In het hoofd van podcast- en filmmaker Silvia Bromet (1971) leek het dé plek voor een ideale samenleving: volkstuincomplex Buitenzorg in Amsterdam-Noord. De groene oase, op een kwartiertje fietsen van het centrum, oogt vredig en ruim. Dus toen Bromet ruim een jaar geleden met haar man en hond Betsy toevallig langs de toegangspoort wandelde, drong de gedachte zich aan haar op: hier wil ik een podcast over maken. ‘Ik was net klaar met een podcast over een hospice, Aangekondigd einde. De mensen die ik daarvoor had geïnterviewd waren allemaal gestorven. Ik was best somber en erg geconfronteerd met sterfelijkheid. En hier was het wild, vrolijk en kleurrijk. Ik wilde weten: wie zijn deze mensen en wat is hun dynamiek? Wil je trouwens een gevulde koek?’
Bromet graait in een hippe boodschappentas van botergeel plastic, met twee zwarte hengels. Ze zit op het terras van het park, pal voor het verenigingsgebouw: een charmant wit pand met donkergroene kozijnen. Het is het thuishonk van de ongeveer honderd tuinders die het park rijk is: veelal excentrieke types die, soms dagelijks, de hectiek van de stad ontvluchten naar hun weelderige lustoord.
‘Hier mag je zijn wie je bent,’ zegt tuinder Sonja aan het begin van aflevering een van het zesdelige Onkruid in het paradijs. Haar tuinhuisje hangt vol spiegels, naar eigen zeggen vanwege haar grootheidswaanzin. Gelegen aan hetzelfde pad: een huisje met de veelzeggende naam Skihut Noord Gestoord en een okergeel lemen ecohuisje. Eén bouwwerk steelt de show, ziet Bromet: het verwaarloosde, verlaten halfronde houten gebouwtje met veel ramen en pilaren dat op het tuinpark bekend staat als ‘de tempel’. De bijbehorende tuin is overwoekerd door wietplanten en bramenstruiken – een doorn in het oog van buurvrouw Nina.

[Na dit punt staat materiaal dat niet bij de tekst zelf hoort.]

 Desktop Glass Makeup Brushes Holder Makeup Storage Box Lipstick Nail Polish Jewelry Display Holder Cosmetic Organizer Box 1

Ze hekelt dat de tempel zoveel aandacht krijgt: het ding verkeert al jaren in onaffe staat en de eigenaar is in geen velden of wegen te bekennen. Bij de luisteraar dringt algauw door: zo sereen als het lijkt, is het misschien toch niet.

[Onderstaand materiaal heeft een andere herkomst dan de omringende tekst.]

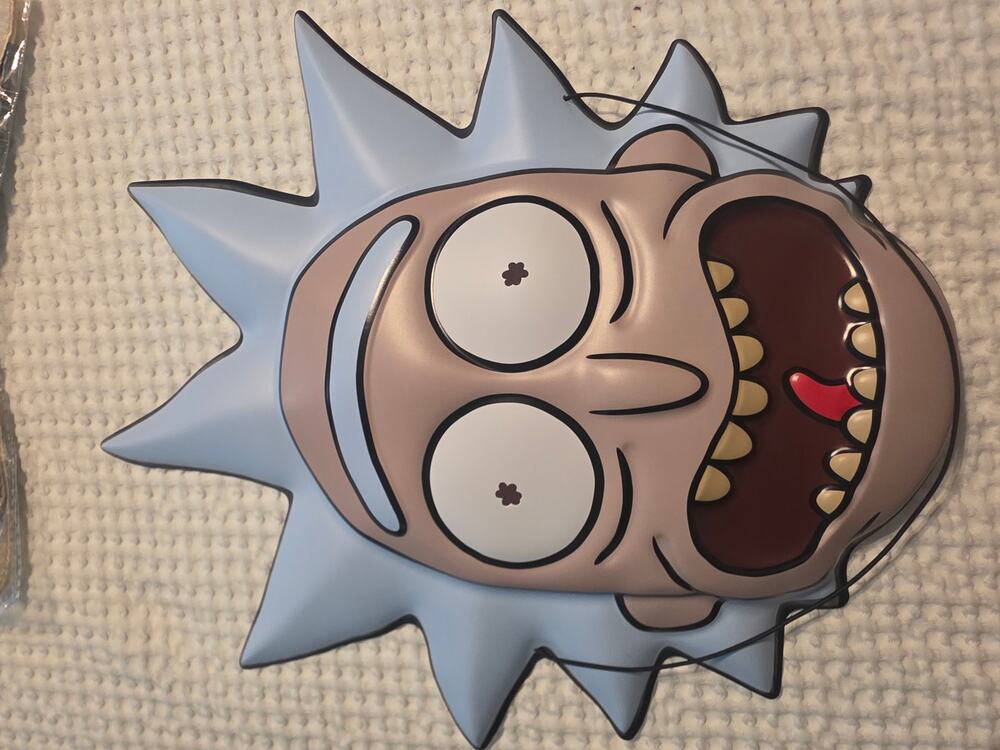 1/2 Mask Rick And Morty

Vanaf het eerste moment deed het tuinpark Silvia Bromet denken aan haar oma Bromet: een ouderwets ‘gemeenschapsmens’ die haar zoon – filmmaker Frans Bromet – als klein jongetje dwong tot vriendschap met Egbert, het eerste zwarte jongetje in de buurt. ‘Ik vond haar helemaal niet iemand met een hele leuke, warme persoonlijkheid. Als puber irriteerde het me ook dat ze die gemeenschapszin steeds maar benadrukte,’ zegt ze. ‘Maar nu was ik benieuwd: zouden ze hier nog bestaan, deze gemeenschapsmensen? En hoe doen ze dat dan, met elkaar samenleven? Ik woon in een dorp en vind het daar al niet altijd even gemakkelijk.’